## High Performance Hardware-Accelerated Flash Key-Value Store

Shingo Tanaka Corporate R&D Center Toshiba Corporation Christos Kozyrakis EE & CS Department Stanford University

## Agenda

#### Key-value store

- Memcache
- Inefficiencies with modern processors

### Hardware-accelerated architecture

- Key designs
- Micro benchmarks

## **Key-Value Store**

#### Provides associative array

- Uses a hash table for the association
- Values can be accessed by specifying its associated key
- GET(key), SET(key, value), DELETE(key), etc

#### Memcache

- DRAM based data cache server in large scale web 2.0 systems which relieves the burden of back-end database
- Thousands of memcache servers are used to meet the requirement of:
  - A significant amount of qps(query per second) throughput
  - Low(<1ms) query latency



## Inefficiencies with modern processors

#### High instruction cache miss rates

 Instruction caches and associated next-line prefetchers are inadequate for scale-out workloads

### High last-level data cache miss rates

 Last-level data cache becomes ineffective under the condition of random-access to a large size of memory

### Underutilization of deep pipeline

 Low instruction- and memory-level parallelism in scale-out applications can not saturate the large core pipelines

### Underutilization of bus bandwidth

 Scale-out workloads see no benefit from high memory and core-tocore communication bandwidth

#### **Big opportunity to improve the efficiency**

M. Ferdman, et al, "A Study of Emerging Scale-out Workloads on Modern Hardware," In Proceedings of the 17th Conference on Architectural Support for Programming Languages and Operating Systems (ASPLOS 2012), 2012.

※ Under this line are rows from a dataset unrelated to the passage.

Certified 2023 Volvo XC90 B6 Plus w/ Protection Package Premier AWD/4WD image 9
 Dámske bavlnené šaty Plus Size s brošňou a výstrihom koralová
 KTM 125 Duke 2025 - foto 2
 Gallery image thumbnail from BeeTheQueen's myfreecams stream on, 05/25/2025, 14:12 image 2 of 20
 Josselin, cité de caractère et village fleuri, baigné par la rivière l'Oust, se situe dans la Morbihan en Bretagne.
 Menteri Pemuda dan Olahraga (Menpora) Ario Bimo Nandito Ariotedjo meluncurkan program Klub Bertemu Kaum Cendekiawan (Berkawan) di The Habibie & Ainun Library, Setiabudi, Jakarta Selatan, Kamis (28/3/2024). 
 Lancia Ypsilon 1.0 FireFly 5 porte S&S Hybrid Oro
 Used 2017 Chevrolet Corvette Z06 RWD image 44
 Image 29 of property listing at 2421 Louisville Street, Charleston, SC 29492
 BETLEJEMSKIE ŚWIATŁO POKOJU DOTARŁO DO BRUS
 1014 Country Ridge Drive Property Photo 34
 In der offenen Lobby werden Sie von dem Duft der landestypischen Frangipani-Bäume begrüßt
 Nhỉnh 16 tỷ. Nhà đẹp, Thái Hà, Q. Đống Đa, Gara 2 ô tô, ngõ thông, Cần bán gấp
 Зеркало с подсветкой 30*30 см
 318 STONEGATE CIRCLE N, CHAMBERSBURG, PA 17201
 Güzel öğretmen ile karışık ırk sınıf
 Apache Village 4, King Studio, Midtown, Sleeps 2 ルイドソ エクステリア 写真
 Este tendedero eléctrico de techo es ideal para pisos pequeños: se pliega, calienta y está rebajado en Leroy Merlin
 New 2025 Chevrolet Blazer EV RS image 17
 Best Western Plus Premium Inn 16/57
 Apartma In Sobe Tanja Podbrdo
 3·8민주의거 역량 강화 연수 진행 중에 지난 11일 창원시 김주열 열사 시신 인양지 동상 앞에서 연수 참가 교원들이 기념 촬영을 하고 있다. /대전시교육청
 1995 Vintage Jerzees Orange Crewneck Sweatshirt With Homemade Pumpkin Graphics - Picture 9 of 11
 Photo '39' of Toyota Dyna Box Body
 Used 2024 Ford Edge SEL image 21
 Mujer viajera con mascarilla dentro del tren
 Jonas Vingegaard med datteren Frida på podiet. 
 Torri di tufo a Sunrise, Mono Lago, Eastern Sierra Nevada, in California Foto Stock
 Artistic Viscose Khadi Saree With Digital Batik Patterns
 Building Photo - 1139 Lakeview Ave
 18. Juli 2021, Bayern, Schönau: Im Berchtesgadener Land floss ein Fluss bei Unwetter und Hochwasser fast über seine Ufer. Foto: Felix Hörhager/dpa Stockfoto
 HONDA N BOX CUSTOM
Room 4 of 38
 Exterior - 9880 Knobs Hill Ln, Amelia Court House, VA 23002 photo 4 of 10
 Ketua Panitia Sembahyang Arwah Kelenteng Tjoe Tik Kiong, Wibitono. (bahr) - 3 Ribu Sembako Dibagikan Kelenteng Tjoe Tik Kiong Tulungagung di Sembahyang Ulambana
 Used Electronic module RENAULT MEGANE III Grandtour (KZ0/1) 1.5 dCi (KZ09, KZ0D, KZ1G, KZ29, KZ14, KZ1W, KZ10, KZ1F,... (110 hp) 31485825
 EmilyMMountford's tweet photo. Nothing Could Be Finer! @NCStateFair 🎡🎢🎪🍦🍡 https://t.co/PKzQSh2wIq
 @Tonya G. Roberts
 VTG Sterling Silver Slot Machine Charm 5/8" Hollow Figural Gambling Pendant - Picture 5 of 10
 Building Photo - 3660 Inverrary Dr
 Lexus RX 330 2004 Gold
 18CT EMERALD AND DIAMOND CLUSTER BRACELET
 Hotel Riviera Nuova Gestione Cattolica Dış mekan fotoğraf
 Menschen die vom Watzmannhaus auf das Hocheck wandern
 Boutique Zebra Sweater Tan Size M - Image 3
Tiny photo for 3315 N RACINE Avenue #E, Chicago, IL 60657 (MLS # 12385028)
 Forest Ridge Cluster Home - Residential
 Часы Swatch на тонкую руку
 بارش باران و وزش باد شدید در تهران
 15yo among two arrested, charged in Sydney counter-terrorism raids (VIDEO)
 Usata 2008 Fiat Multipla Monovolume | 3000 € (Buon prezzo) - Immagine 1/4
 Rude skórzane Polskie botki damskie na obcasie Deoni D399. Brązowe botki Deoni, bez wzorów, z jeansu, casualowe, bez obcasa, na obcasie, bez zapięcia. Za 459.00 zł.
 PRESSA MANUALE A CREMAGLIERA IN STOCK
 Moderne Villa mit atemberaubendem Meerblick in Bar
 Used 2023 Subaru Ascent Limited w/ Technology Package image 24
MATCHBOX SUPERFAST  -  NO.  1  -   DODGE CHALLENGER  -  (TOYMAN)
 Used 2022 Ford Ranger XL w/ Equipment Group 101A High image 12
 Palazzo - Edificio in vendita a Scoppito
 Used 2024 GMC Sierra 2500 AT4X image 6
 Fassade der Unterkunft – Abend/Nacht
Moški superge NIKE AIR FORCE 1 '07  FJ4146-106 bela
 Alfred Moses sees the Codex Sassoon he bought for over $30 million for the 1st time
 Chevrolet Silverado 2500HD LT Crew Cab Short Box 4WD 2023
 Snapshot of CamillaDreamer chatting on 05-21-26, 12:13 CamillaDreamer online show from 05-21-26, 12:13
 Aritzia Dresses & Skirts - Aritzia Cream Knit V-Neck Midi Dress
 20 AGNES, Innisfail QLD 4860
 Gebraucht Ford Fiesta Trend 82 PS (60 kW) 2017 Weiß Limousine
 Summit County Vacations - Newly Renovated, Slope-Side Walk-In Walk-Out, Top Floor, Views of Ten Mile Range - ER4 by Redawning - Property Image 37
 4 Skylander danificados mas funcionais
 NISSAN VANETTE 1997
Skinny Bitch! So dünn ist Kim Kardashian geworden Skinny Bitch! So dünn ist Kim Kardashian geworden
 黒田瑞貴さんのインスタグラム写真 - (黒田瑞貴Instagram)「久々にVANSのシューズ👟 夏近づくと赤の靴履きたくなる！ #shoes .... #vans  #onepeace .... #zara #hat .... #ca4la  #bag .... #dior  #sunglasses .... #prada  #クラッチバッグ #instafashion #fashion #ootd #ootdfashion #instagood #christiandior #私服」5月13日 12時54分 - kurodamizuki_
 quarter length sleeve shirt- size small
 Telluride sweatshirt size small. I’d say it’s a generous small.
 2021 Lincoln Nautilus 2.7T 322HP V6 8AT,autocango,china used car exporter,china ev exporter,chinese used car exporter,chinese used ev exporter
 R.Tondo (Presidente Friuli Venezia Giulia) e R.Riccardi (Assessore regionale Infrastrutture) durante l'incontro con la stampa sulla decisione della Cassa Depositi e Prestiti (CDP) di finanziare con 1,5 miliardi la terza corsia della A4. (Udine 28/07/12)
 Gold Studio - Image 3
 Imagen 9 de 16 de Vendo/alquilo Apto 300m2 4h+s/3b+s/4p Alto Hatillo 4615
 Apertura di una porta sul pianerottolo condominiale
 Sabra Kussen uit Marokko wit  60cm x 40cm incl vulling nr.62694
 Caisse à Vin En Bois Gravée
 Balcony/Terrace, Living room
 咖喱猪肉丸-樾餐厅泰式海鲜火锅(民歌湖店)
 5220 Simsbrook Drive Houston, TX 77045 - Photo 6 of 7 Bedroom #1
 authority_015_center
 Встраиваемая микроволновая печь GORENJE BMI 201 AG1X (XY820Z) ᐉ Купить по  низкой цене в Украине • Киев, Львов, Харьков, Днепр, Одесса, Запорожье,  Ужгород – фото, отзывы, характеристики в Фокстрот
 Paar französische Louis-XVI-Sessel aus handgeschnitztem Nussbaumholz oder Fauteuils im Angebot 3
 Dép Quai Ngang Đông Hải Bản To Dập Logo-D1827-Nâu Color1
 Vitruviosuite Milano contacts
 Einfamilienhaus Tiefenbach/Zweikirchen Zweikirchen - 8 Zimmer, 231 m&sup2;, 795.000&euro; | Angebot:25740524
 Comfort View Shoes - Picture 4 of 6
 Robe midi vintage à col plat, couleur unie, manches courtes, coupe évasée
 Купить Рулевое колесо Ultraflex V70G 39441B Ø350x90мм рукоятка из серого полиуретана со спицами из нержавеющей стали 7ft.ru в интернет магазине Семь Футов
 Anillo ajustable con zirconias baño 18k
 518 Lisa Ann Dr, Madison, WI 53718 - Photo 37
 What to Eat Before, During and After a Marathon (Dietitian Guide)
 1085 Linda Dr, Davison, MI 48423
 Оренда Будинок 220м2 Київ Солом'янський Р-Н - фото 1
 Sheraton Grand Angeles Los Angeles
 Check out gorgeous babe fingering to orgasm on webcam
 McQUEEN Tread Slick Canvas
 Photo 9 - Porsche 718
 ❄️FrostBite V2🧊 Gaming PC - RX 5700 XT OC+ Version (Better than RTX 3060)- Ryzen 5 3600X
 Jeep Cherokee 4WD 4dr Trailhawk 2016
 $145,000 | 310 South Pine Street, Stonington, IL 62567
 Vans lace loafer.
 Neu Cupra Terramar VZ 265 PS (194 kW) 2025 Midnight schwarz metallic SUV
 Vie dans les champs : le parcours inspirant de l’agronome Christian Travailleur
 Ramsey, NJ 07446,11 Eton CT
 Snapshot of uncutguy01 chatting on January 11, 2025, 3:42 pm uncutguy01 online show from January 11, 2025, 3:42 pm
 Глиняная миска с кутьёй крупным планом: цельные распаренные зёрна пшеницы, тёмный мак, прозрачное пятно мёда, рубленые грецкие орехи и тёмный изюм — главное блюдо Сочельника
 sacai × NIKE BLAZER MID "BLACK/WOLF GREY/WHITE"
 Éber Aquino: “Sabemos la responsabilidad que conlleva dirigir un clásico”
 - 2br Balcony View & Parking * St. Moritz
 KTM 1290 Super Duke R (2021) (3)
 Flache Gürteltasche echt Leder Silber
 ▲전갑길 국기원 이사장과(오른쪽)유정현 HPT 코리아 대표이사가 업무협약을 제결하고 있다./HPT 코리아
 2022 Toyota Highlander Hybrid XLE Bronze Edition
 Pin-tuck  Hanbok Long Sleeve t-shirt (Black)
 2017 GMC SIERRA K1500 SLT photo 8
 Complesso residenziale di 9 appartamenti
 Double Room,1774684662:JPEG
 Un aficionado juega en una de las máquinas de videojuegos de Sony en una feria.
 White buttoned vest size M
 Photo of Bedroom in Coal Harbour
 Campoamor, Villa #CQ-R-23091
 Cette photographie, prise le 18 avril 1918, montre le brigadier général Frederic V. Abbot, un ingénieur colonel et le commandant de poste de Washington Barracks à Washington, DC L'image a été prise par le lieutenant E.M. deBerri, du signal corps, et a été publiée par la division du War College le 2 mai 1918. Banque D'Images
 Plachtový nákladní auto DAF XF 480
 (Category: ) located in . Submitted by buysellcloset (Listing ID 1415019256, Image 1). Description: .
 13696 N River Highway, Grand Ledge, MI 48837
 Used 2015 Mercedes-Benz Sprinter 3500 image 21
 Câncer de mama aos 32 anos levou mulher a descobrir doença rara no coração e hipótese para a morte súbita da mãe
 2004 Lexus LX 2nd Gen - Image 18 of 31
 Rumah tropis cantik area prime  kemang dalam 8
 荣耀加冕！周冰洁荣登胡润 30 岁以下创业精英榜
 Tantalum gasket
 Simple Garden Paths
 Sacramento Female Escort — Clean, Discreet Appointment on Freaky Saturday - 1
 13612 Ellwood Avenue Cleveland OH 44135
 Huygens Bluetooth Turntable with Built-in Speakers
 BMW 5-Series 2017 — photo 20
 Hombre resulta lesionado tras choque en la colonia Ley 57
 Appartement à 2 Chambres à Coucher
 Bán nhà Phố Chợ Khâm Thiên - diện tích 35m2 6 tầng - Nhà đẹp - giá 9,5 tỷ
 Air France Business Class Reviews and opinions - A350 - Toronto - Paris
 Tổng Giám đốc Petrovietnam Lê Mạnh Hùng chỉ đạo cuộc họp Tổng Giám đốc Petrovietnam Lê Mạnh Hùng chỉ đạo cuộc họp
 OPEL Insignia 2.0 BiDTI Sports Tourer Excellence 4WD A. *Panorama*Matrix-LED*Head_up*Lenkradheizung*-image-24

## **Objective & Approaches**

- Achieve an order of magnitude higher performance by using HW accelerator
  - Lower server cost, lower power consumption and smaller server space by consolidating 10 servers to 1

### Approaches

- Full HW offloading
  - To get maximum performance without any CPU restriction
- Leveraging both DRAM caching and flash storage
  - Keep using DRAM to provide optimal bit cost throughout the workload



# KVS block diagram

- Fully pipelined architecture throughout query processing
  - Each pipeline stage processes each query in <10 cycles at 200MHz</li>
  - Each block is connected to each other via common streaming interface
    - Packet communication (common header + key-value payload)



# Hashing

### HW-aware algorithm

- Easy for HW implementation with good enough performance
  - Double hashing
    - 1st func: 1st place to start
    - 2nd func: Interval to probe
  - Bucket hashing
    - Leverage wide parallelism of hardware processing and wide bandwidth of DRAM seq access
  - Averagely 1 access to reach the expected entry ~90% occupancy
- Use 2 bytes tag for key matching before accessing data on cache/ flash
  - Reduce hash table size on DRAM for key-value data on flash



Bucket data structure(256B)



# **DRAM Caching**

#### Slab-based data structure

- Classified by data size(header + Key + Value)
  - 64B, 128B, 256B, 512B, ..., 1MB (Scale factor = 2)
- Every class uses 10MB "Slab"
- Each cache data is stored in "slot"



- Caching policy: FIFO
  - Minimum DRAM access
  - Evicted data is chosen sequentially in a cyclic manner within a class

### Data structure on Flash

#### Log-structured format

- Every key-value is stored in order SET commands come
- Each head addr is stored in hash table
- DELETE only deletes corresponding hash table entry
  - Actual data is deleted by background garbage collection



- Access pattern
  - Write: sequential access
  - Read: random access

# Prototyping

- Micro benchmarks using FPGA board
  - Throughput
  - Latency
  - Power consumption (Estimate)

### Restrictions

- 8GB DRAM for data cache
- Emulated SSD behavior
- UDP memcache binary protocol
- GET/SET/DELETE commands



### **Throughput (cache hit)**



## **Throughput (cache miss)**

#### • GET/SET 9.1M qps

- Lower than cache hit because of cache eviction
- But requires the same amount of storage IOPS
  - To exact Key matching on flash
  - Practically limited by storage IOPS (<9.1M IOPS)
- -> high Enough to exploit current SSD performance



# **Energy efficiency and latency**

### Energy efficiency

- FPGA 15W (static analysis)
- HW Flash KVS: 20M qps/ (100W + 15 W) = 173K qps/W

(x86: 1.4M qps / 100 W =14K qps/W)

### Latency

- KVS core (RX to TX): 1us (cache hit), 2us (cache miss)
- Ethernet MAC/PHY (RX + TX): 2us
- TOE (RX + TX, estimate): 1us
- Total: 4us (cache hit)

55us (cache miss (SSD: 50us))

(x86: 200 ~ 300us)

- Constant with workload variation

# Summary & Next

- Achieved >10x higher performance key-value store than x86-based memcache with HW accelerator
  - Fully pipelined architecture and HW-aware algorithms
  - DRAM caching and flash storage
  - Cache hit: 20M qps throughput, 4us latency
  - Cache miss: ~9.1M qps throughput, 55 us latency (SSD 50us)

#### • Next

- TCP/IP support
- Use large host memory(~1TB) for data cache with DMA via PCIe
- Trials in real use cases